Transferring ownership from farm family to farm family can be tricky. We paid for the family farm. It was the only fair way to pass the farm down. As we sometimes struggled to make the payments on the farm through the years, one of my goals became to be able to give the farm to our kids rather than have them pay. But as the years have gone on, I decided that even that wasn’t enough. Our goal now is to hand over a thriving farm business to one or more of the kids, because the business has to continue to be worth more than the farmland in order for our farm to survive.
Just growing crops and/or raising livestock used to make a farmer a good living. Increasingly, farmers have to capitalize on all the farm’s assets to make ends meet. Value-Added is an agricultural catch phrase to mean that the farmer has taken something she has grown (fruit, cucumbers, basil, grapes, barley, apples) and turned it into something more expensive that the customer wants (jam, pickles, pesto, wine, beer, cider) — taking the farm’s crops and turning them into something that has a higher profit margin for the farmer. This is how farms are staying financially sustainable in the era of processed food and meal kits.
Farmers have another huge asset: their beautiful land. An amazing backdrop for events and an opportunity to lure customers to their farm for on-farm events that are proving a necessity, especially for the smaller family farm. Agritourism allows the farmer to capitalize on even more assets of the farm: the farmer’s knowledge, the beautiful landscape, even farm accommodations. And agritourism is giving the customers what they want: a farm experience.

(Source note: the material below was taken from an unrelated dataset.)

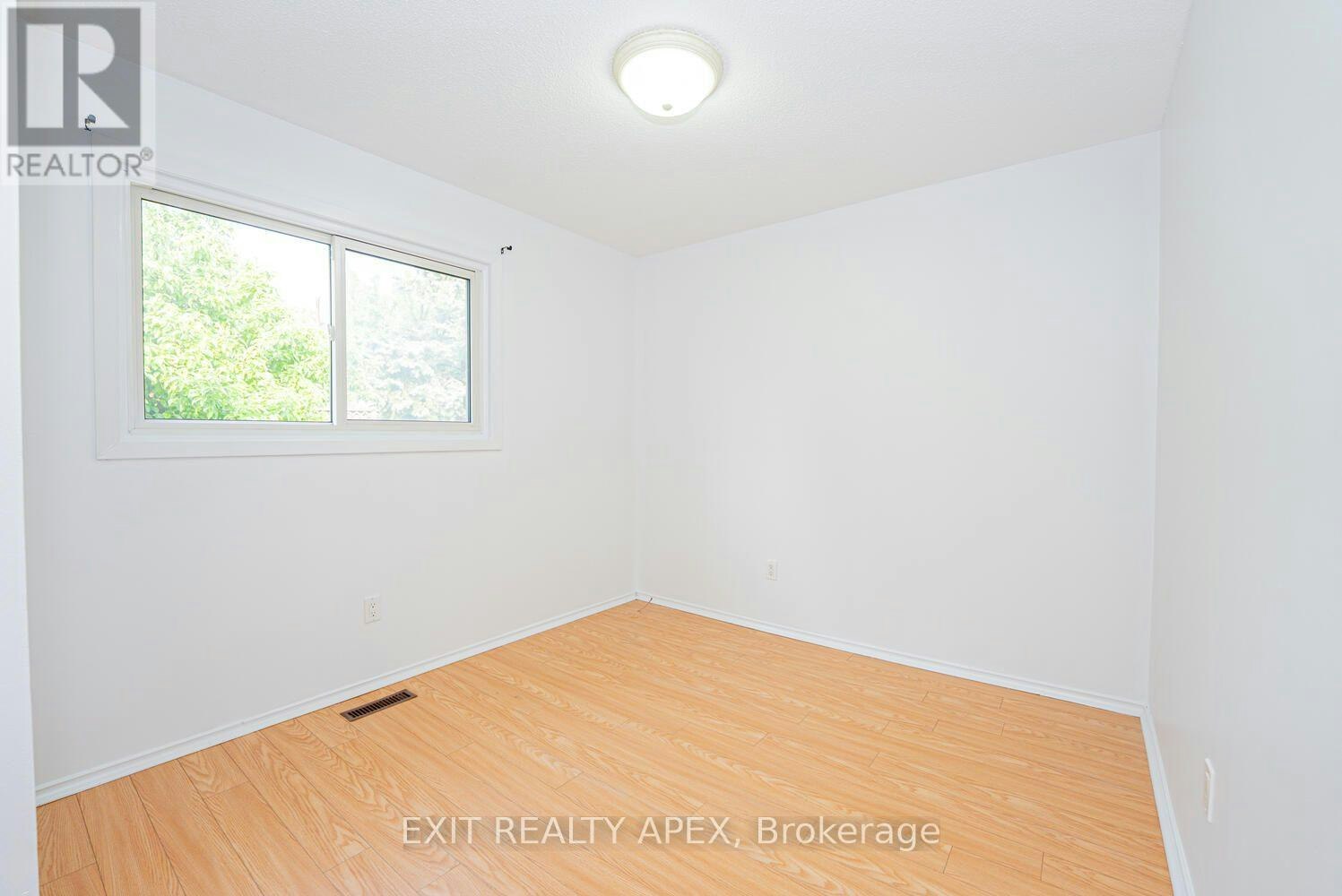 122 Centre Street N, Brampton, ON, L6V 2Z3 - 21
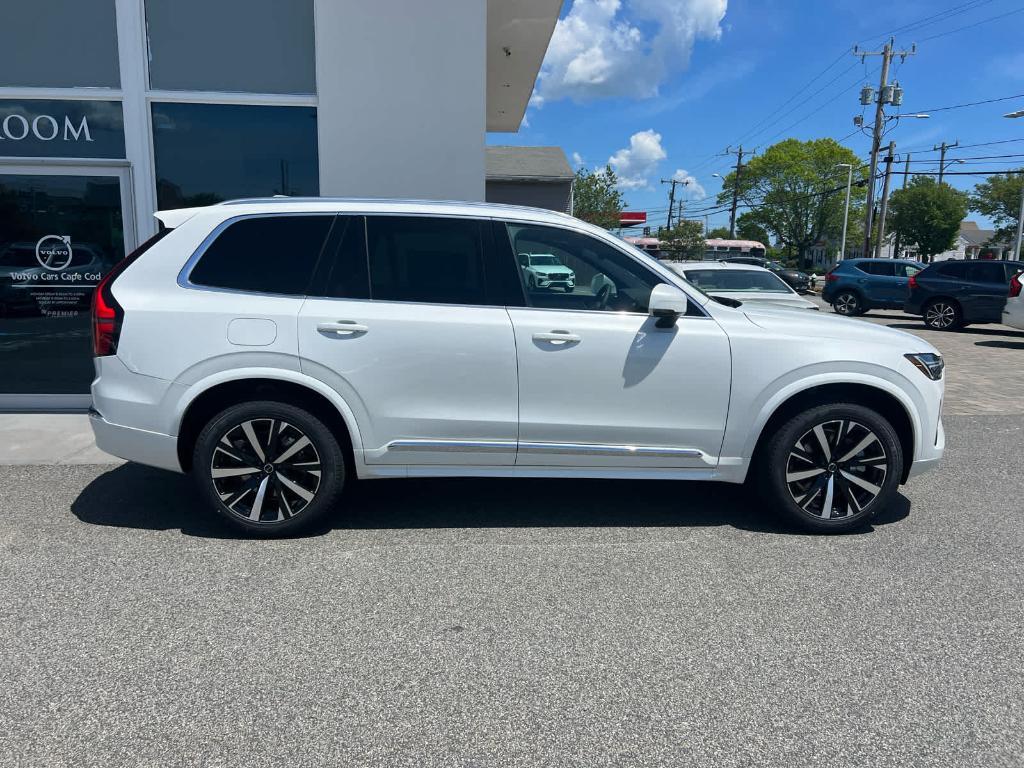 new 2025 Volvo XC90 car, priced at $61,045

We are lucky to live in a supportive community. To be clear, supporting farms means supporting farm businesses. Ag businesses are, and should be, looked at as commercial enterprises. If they aren’t, it’s only a matter of time until the family farm turns into a housing development. Because when the value of the farmland is larger than the value of the farm business, the farm will eventually fail. What does support look like? Support from the community means that citizens shop regularly from their local farms. Supporting a local food system is important to food security. And with every purchase from a farm (be it tomatoes, a farm breakfast, or a pint of beer), you are helping to make sure that farmland stays farmland. Local farms are up against so much competition—with Amazon delivering organic groceries to your doorstep, why would you want to take the time to stop by your local farm shop? My answer is, because Amazon is not preserving the history of your town. They are not providing open space while at the same time paying local taxes. Your farmer neighbor is.